# [Records supplied]
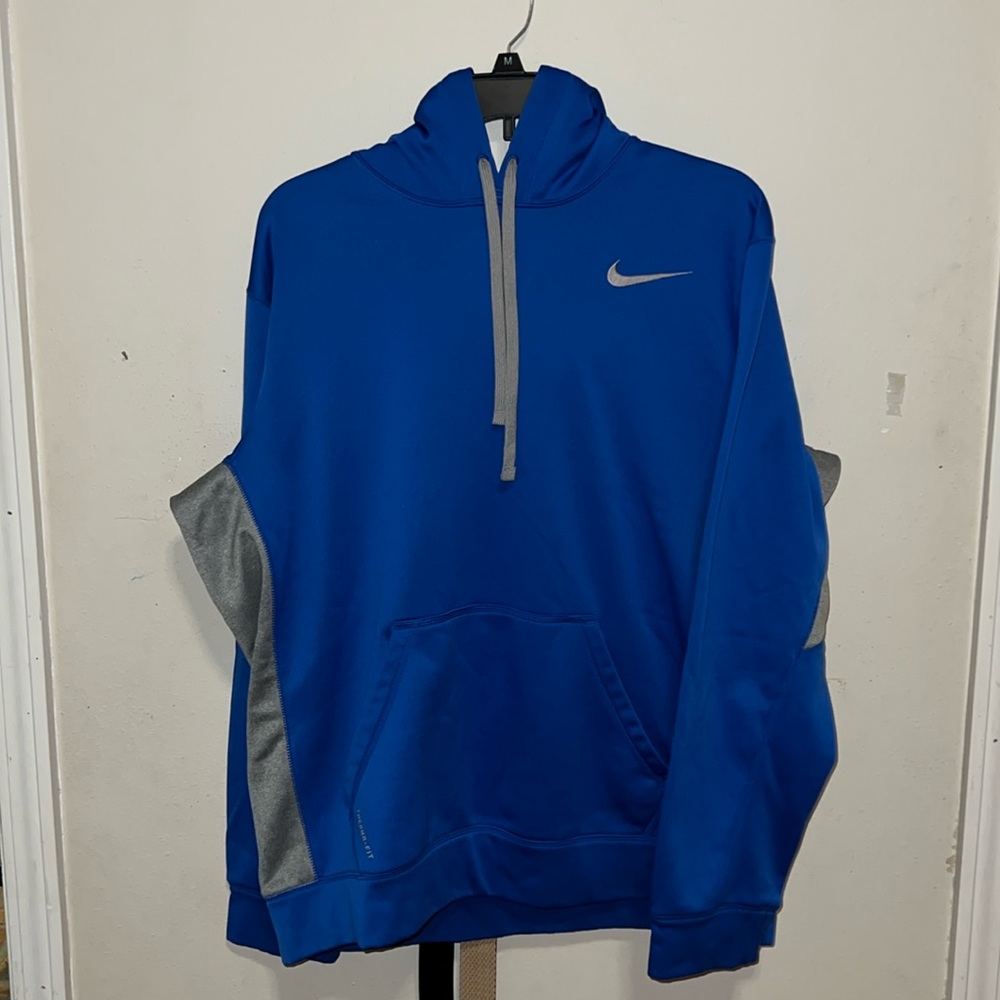 Nike Therma-Fit Hoodie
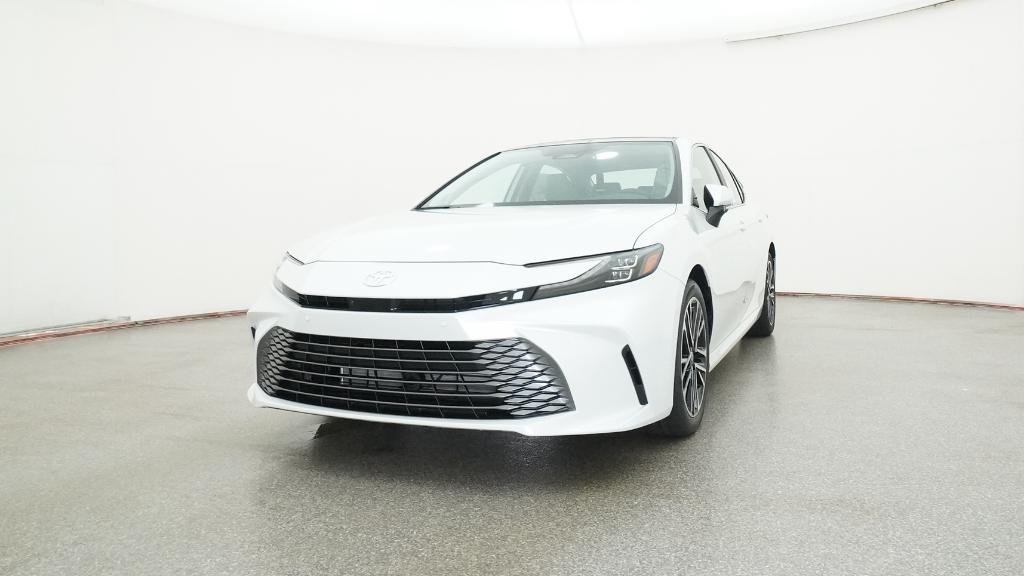 2025 Toyota Camry XLE photo 4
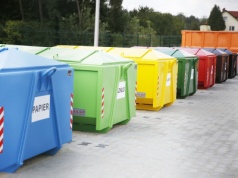 Pół roku nowych przepisów. Gdzie trafia stara odzież?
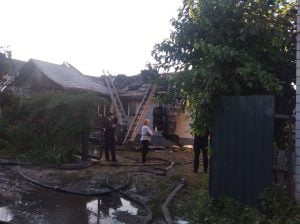 A very suspicious arson: Ukraine’s main anti-corruption spokesperson had the roof of his house burn down to ashes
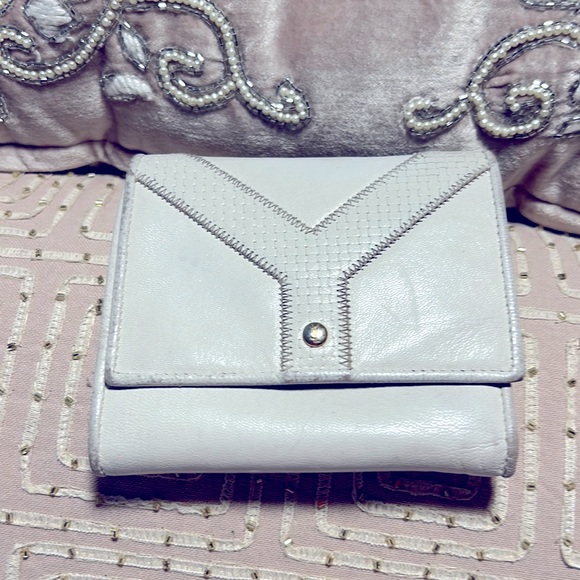 Ysl wallet cream 10 card holders 1 change - Picture 1 of 3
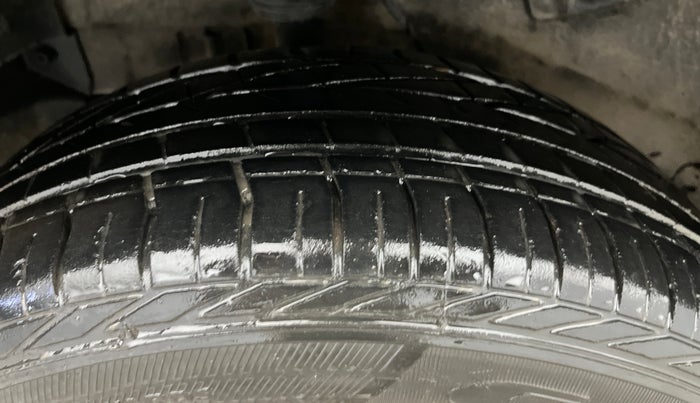 2018 Tata NEXON XZA PLUS PETROL, Petrol, Automatic, 29,932 km, Right Rear Tyre Tread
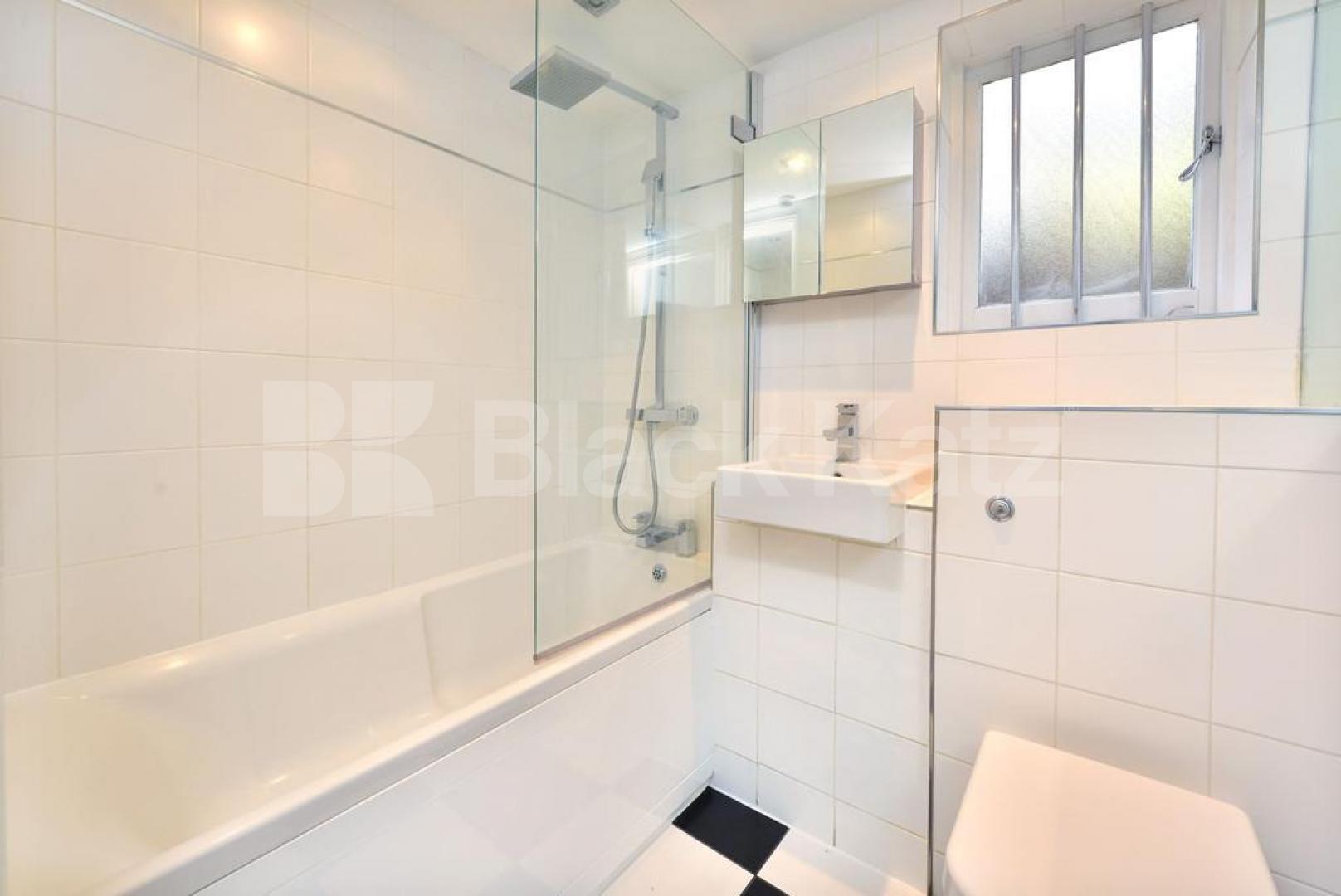 			1 Bedroom, 1 bath, 1 reception Flat			 Agar Grove, Camden Square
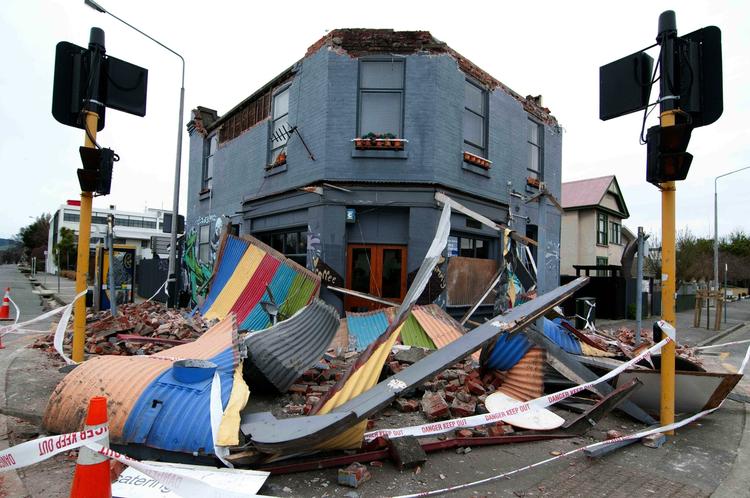 affald. Affaldet fra jordskælvet flyder i gaderne i Christchurch.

# [Activity]
Render the data above verbatim and without pictures.

# [Exercise output]
 Nike Therma-Fit Hoodie
 2025 Toyota Camry XLE photo 4
 Pół roku nowych przepisów. Gdzie trafia stara odzież?
 A very suspicious arson: Ukraine’s main anti-corruption spokesperson had the roof of his house burn down to ashes
 Ysl wallet cream 10 card holders 1 change - Picture 1 of 3
 2018 Tata NEXON XZA PLUS PETROL, Petrol, Automatic, 29,932 km, Right Rear Tyre Tread
 			1 Bedroom, 1 bath, 1 reception Flat			 Agar Grove, Camden Square
 affald. Affaldet fra jordskælvet flyder i gaderne i Christchurch.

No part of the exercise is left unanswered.